It's been a hell of a long time since I've posted anything here, but I've decided to reduce my political commentary on Facebook, and use the blog for the extended political stuff.
Novelist Alistair MacLean is known primarily for his
thrillers like Ice Station Zebra and The Guns of Navarone, but, to me, one of
his best passages is near the end of The
Secret Ways, in which a British Secret Service agent meets up with two
Hungarian resistance heroes in an attempt to repatriate a British scientist who
had defected to the Soviets.
Jansci, the Resistance leader is talking to Jennings, the
scientist:
“Tell them, tell your people at
home, that our lives and the lives of generations to come lie in their hands. Tell
them that there is only one thing that ultimately matters on this earth, and
that is peace on this earth. And tell them that this is a very small earth, and
growing smaller with every year that passes, but that we all have to live on it
together, that we all must live on it
together.”
“Coexistence?” Dr. Jennings raised
an eyebrow.
“Coexistence. A terrible word, a
big bogeyman word, but what else could any sane man offer in its place – all the nameless horrors of a
thermonuclear war, the requiem for the lost hopes of mankind? No, coexistence
must come, it must if mankind is to survive, but this world without spheres,
the dream of that great American, Cordell Hull[i],
will never come if you have impetuous fools, as you do have, Dr. Jennings,
shouting for big results now, here, today.
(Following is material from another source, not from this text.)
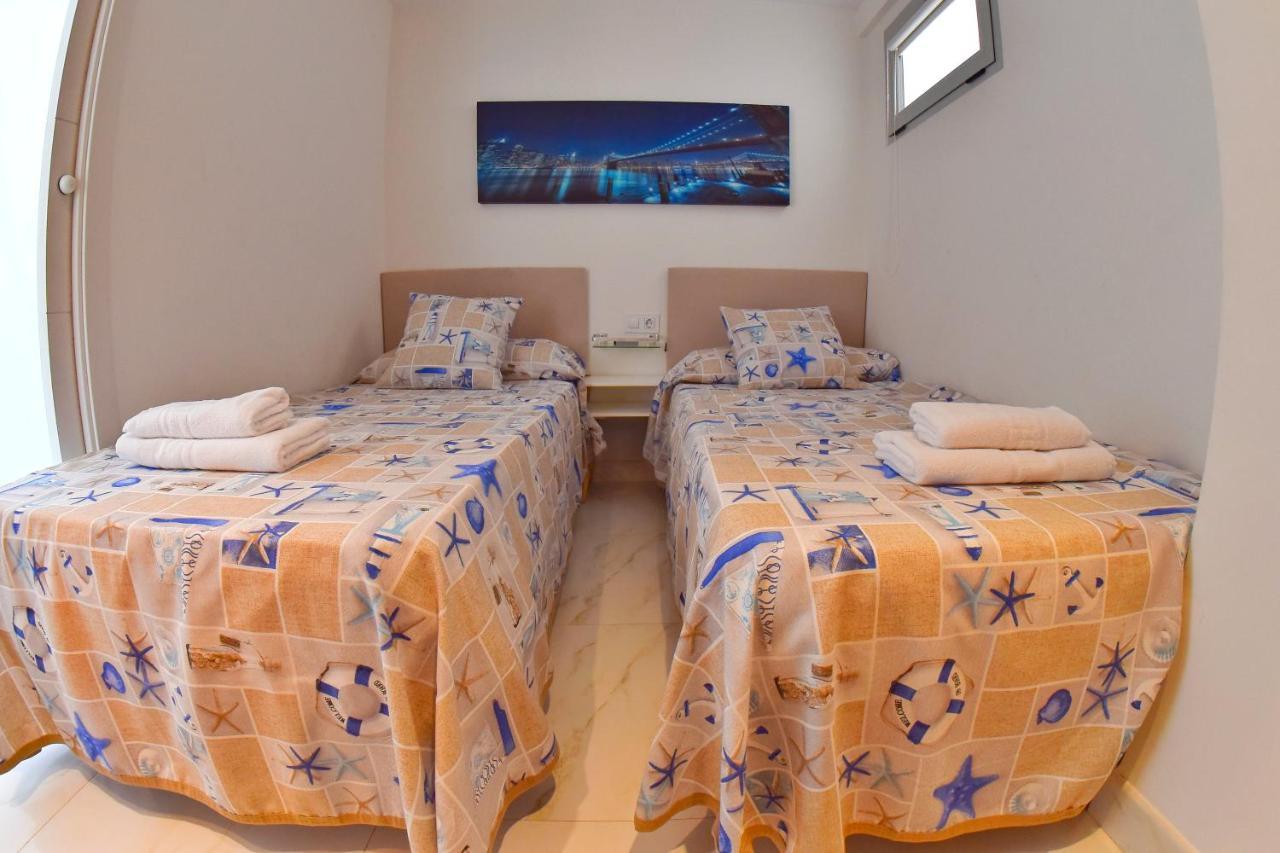 Los Caballos Vip Playa Levante 베니돔 외부 사진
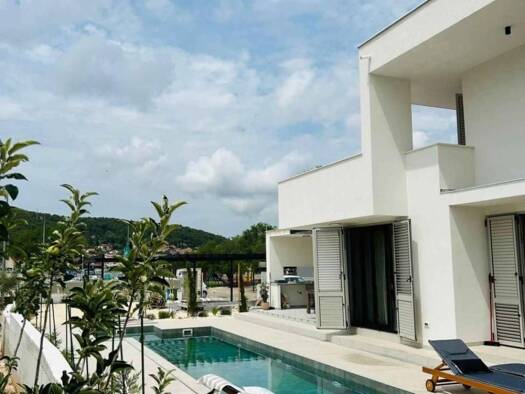 Haus zum Kauf 1.200.000 € 4 Zimmer 283 m² Bilice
MacLean wrote this in 1959… yet here we are, 58 years later,
with Trump shouting for the “biggest,” the “greatest” and claiming that “I
alone” can deliver.
“Most of all, it will never come so
long as our leaders and governments, our newspapers and propagandists teach us
incessantly, insistently, that we must hate and fear and despise all the other
peoples who share this same tiny world with us. The nationalism of those who
cry ‘We are the people’ – the jingoistic brand of patriotism – these are the
great evils of our world today, the barriers to peace that no man can overcome.
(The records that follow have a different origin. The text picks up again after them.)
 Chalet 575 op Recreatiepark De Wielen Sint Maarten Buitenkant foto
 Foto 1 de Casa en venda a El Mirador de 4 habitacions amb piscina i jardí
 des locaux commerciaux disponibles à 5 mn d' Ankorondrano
What hope is there for the world as long as we cling to the outmoded forms of
national allegiance? We owe allegiance to no one, Dr. Jennings, at least not on
this earth.
He predicted the Tea Party and Fox long before they crawled
out of the slime.
“And that, I think, is the real
answer – not the proposing of courses of action, as Dr. Jennings suggested, but
in creating the climate of good will in which those actions can flower and bear
fruit. Ask the rulers of the great nations who should be leading our sick world
to a better tomorrow what their greatest need of today is, and they will tell
you scientists and still more scientists – those luckless brilliant creatures
who have long since traded in their birthright of independence, buried their
consciences, and sold out to the governments of the world – so that they can
strive harder and still harder until they have in their hands the ultimate
weapon of destruction.
[snip]
“The governments of the world may
not be mad, but they are blind, and their blindness is but one step removed
from insanity. The desperate, most urgent need this world knows or will ever
know is the need for an effort without parallel in history to get to know
ourselves and the other people of the world even as well as we know ourselves,
and then we will see that the other man is just as we are, that right and
virtue and truth belong to him as much as they do to us. We must think of
people not as a conglomerate mass, not conveniently, indiscriminately, as a
faceless nation: we must always remember that a nation is made of millions of
little human beings just like we are, and to talk about national sin and guilt
and wickedness is to be willfully blind, unjust, and unchristian, and while it
is true that such a nation may go off the rails, it never goes off because it
wants to, but because it can’t help it, because there was something in its past
or in its environment that inescapably made it what it is today, just as some
forgotten incidents, some influences that we can neither recall not understand,
have made each of us what we are today.
“And with that understanding and
knowledge there will come compassion, and no power on earth can compete against
compassion – the compassion that makes the Jewish Society issue world-wide
appeals for money for their sworn but starving enemies, the Arab refugees, the
compassion that made a Russian soldier thrust his gun into Sandor’s hands, the
compassion – a compassion born of understanding – that made nearly all the
Russians who were stationed in Budapest refuse to fight the Hungarians, whom
they had come to know so well. And this compassion, this charity, will come, it
must come, but men the world over must want to make it come.”
Jansci’s statements about the Communists could be repeated
equally well today, by merely substituting “far-right-conservatives” for “Communists.”
The world MacLean wrote about is the world that Trump and his ilk want to
recreate, not in Eastern Europe, but here in the United States, a nation where
criticism of the government sentences you to a labor camp, where secret police
round up and execute dissidents, where the Party, rather than the government,
holds ultimate power.
[i]
Hull was Secretary of State under FDR, from 1933 to 1944, and received the
Nobel Peace Prize in 1945 for his work in establishing the United Nations.